◆ Records for this exercise:
++++++++
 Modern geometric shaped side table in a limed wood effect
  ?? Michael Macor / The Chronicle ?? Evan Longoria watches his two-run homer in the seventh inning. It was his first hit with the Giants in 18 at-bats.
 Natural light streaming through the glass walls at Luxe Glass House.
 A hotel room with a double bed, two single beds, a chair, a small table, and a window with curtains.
++++++++
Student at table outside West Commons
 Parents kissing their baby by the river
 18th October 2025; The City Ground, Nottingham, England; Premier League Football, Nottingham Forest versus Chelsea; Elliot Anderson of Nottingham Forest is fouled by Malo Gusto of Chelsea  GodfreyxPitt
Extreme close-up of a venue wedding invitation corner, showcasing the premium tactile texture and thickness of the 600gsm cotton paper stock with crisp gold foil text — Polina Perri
++++++++
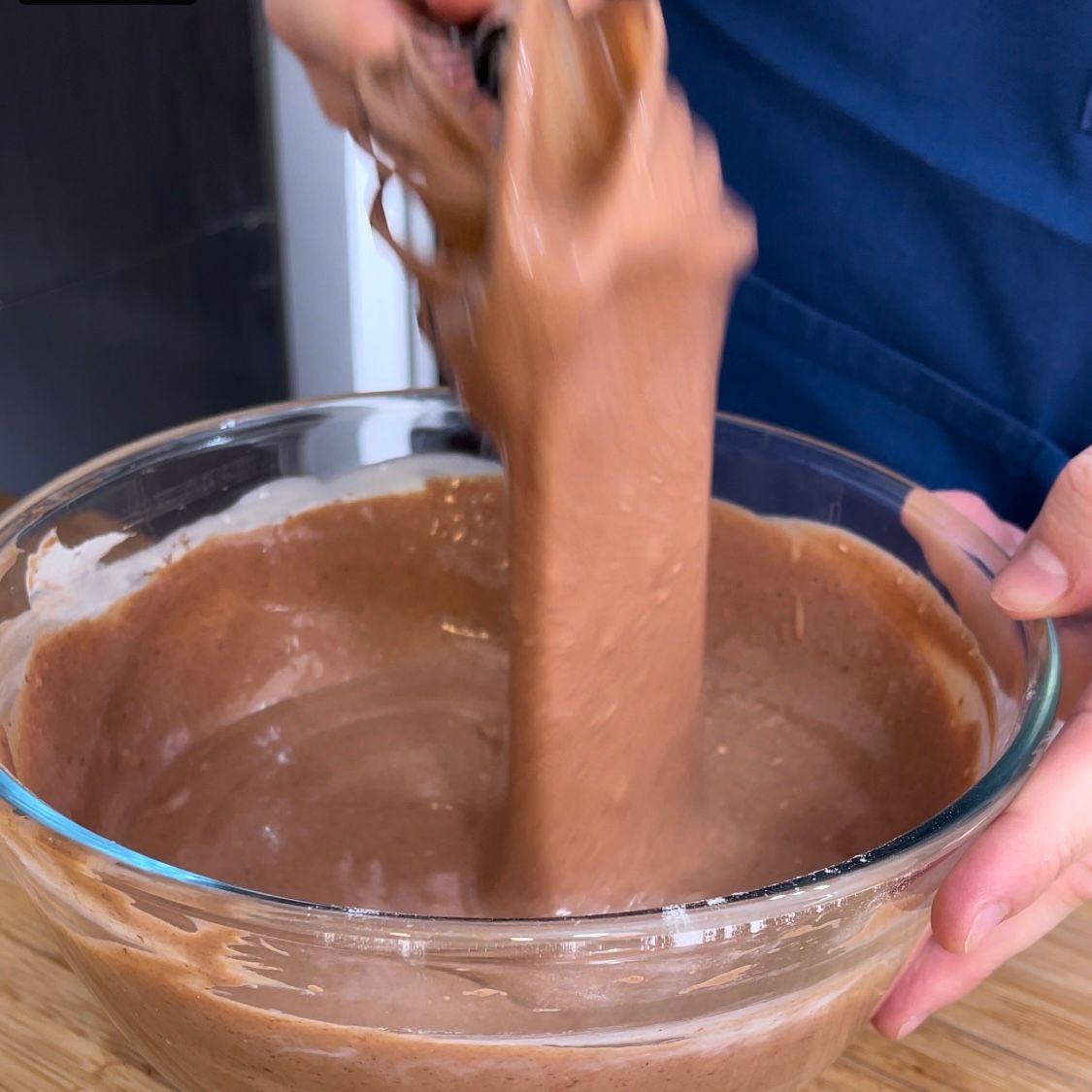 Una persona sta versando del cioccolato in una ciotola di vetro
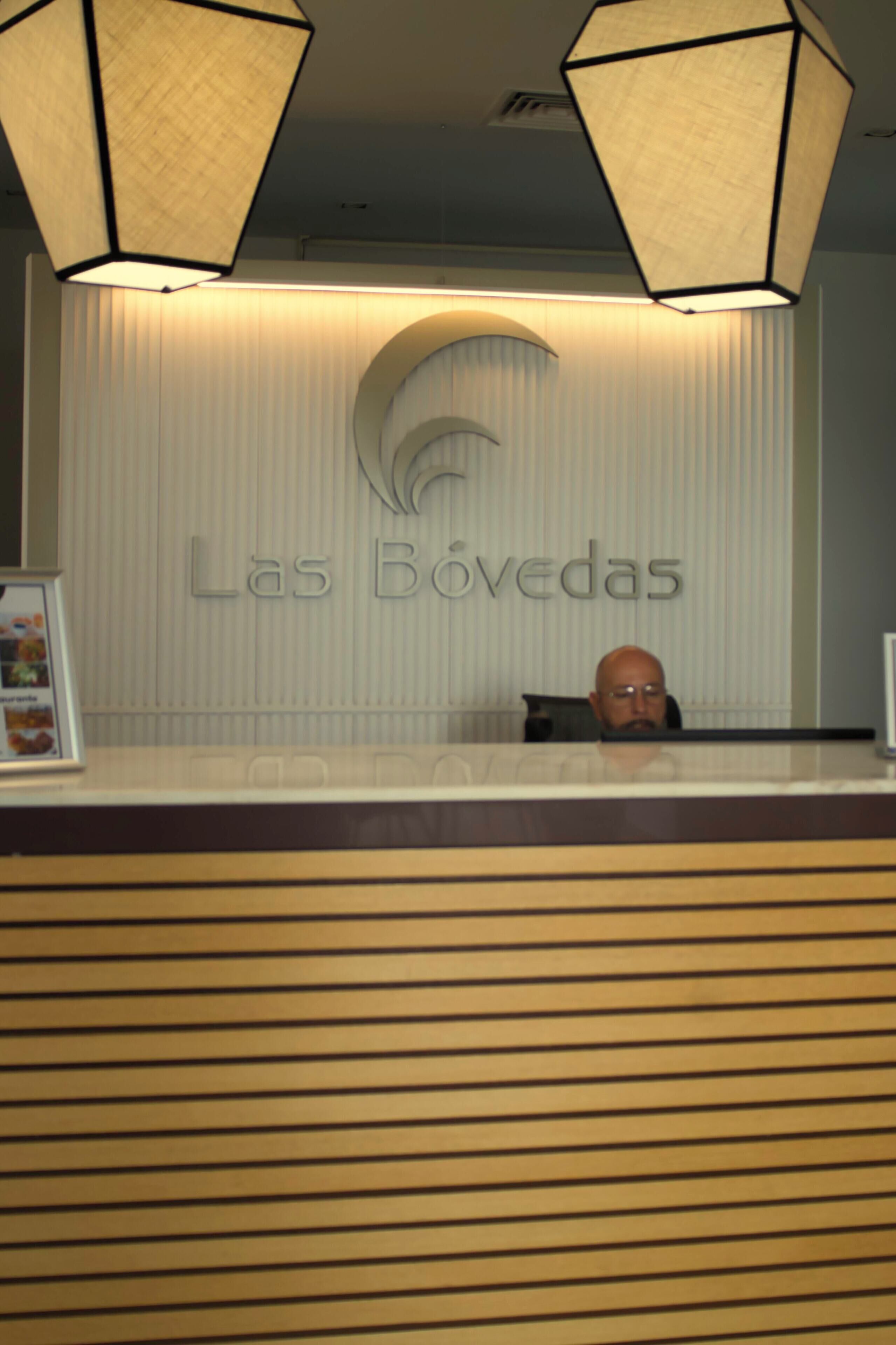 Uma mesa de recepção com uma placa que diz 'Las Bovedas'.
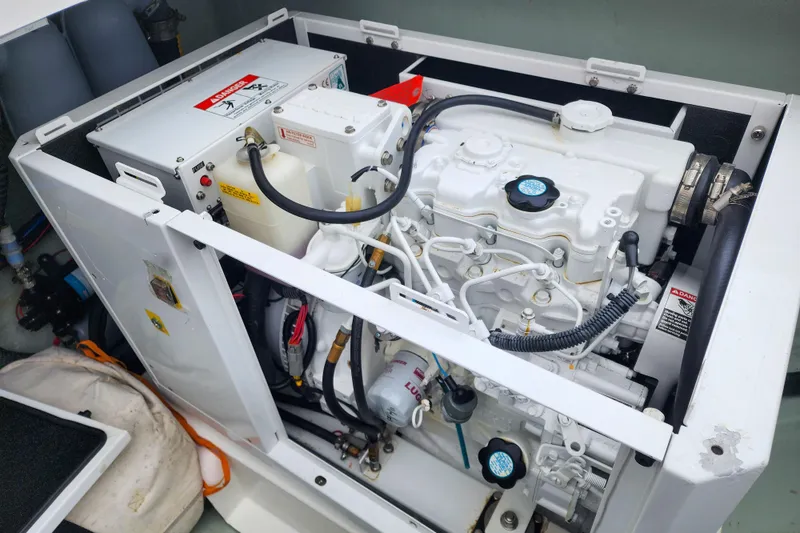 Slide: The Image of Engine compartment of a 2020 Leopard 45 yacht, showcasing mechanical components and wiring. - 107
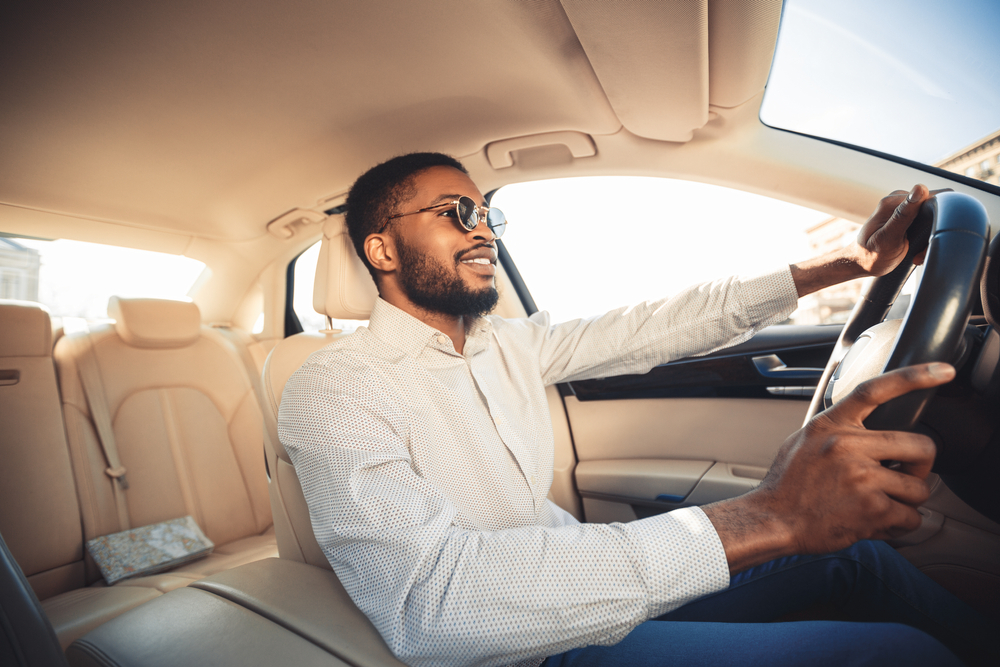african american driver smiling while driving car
++++++++
◆ Task: In the listing above, locate the line containing "Modern geometric shaped" and the line containing "A hotel room". Extract those two lines and every line between them, exactly as written, and only those.

◆ Exercise answer:
 Modern geometric shaped side table in a limed wood effect
  ?? Michael Macor / The Chronicle ?? Evan Longoria watches his two-run homer in the seventh inning. It was his first hit with the Giants in 18 at-bats.
 Natural light streaming through the glass walls at Luxe Glass House.
 A hotel room with a double bed, two single beds, a chair, a small table, and a window with curtains.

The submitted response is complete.